In recent months, the non-physician community has undertaken a campaign to push the Departments to inappropriately expand upon their interpretation of the non-discrimination provision. The groups and their Congressional allies have expressed concern that the Departments’ current interpretation would allow health plans and insurance issuers to exclude from participation whole categories of providers operating under a State license or certification. The groups and their allies have also argued that the provision was intended to preclude discrimination in payment rates based on broad market considerations rather than performance and quality measures.
In an effort to advance patient safety and quality, the ASA’s patient-centered comment letter submitted to HHS supports the Department’s current interpretation of the law and states its belief that “it is the most appropriate approach for ensuring that health plans and insurance issuers have the flexibility and discretion to develop provider networks that will protect patients and maintain quality of care within the boundaries of state scope of practice laws.”
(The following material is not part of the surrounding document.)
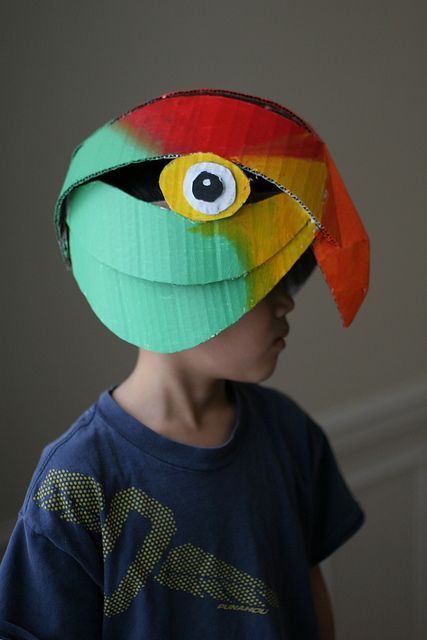 Parrot mask, painted | Flickr - Photo Sharing! Parrot Mask, Parrot Costume, Cardboard Costume, Cardboard Mask, Bird Costume, Mask Painting, Cardboard Sculpture, Cardboard Art, Animal Masks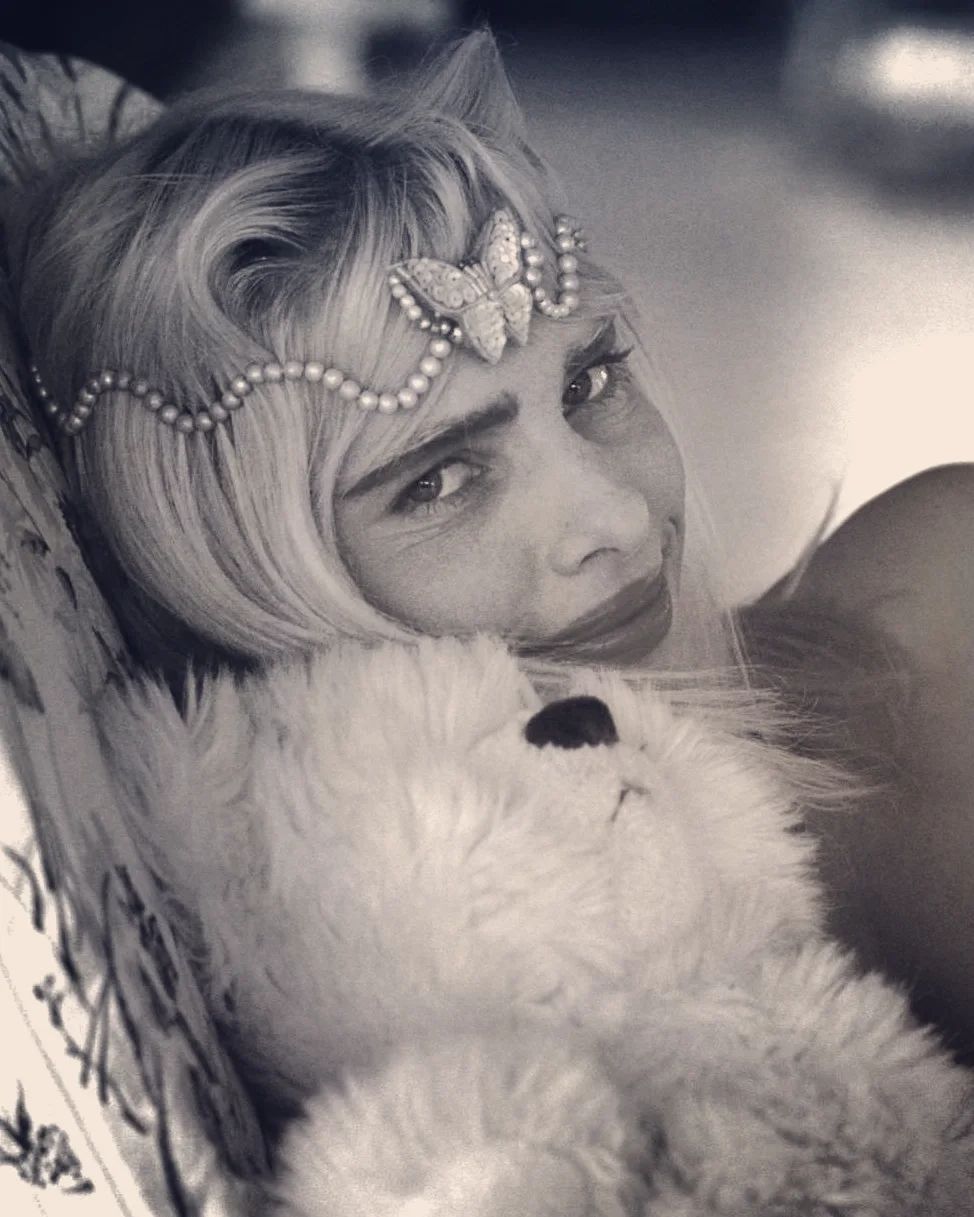 ایلونا استالر Cicciolina (Ilona Staller):"Love To Love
The comment letter to HHS from ASA also states:
“We support the Departments’ efforts to meet the non-discrimination purposes of § 2706(a) while also seeking to give health plans and insurance issuers sufficient flexibility in selecting their provider panels to ensure their beneficiaries receive high quality care. Our support for the Departments’ position is based on the plain language of § 2706(a) and the need to ensure health plans and insurance issuers offer the most qualified providers to their participants. Additionally, we support the Departments’ position, based on consistency with previous CMS interpretations of provider non-discrimination laws and practical need, to allow insurers to consider market factors to attract and retain a range of providers.”